:: Required action ::
Both the line below containing "grille point de croix barbapapa gratuit" and the line containing "PARIS EXPOSITION DE", along with every line between them, should be repeated exactly; no other line belongs in the answer.
+++ Recorded information +++
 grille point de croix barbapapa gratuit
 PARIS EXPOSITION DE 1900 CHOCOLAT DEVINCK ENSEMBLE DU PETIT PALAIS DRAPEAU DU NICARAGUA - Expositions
+++
+++ Recorded information +++
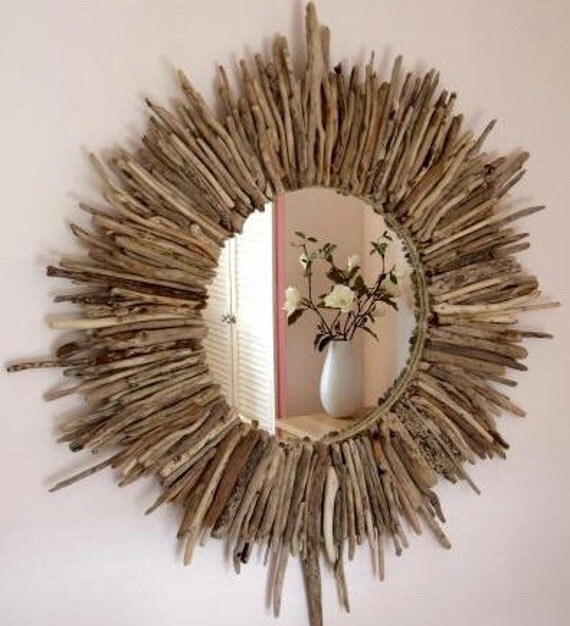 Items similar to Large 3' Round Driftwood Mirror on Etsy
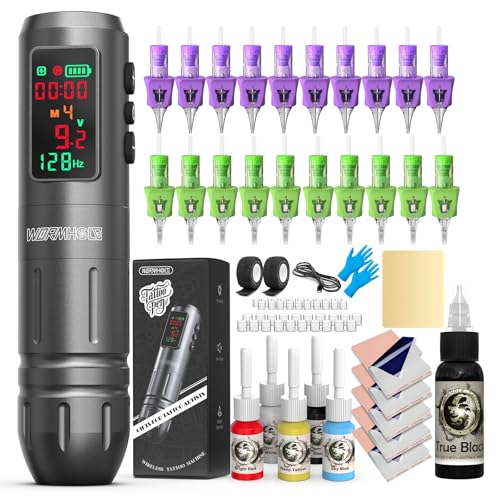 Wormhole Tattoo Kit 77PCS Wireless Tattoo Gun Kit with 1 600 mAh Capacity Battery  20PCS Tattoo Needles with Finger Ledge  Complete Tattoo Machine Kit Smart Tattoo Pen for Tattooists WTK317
+++
:: Answer box ::
 grille point de croix barbapapa gratuit
 PARIS EXPOSITION DE 1900 CHOCOLAT DEVINCK ENSEMBLE DU PETIT PALAIS DRAPEAU DU NICARAGUA - Expositions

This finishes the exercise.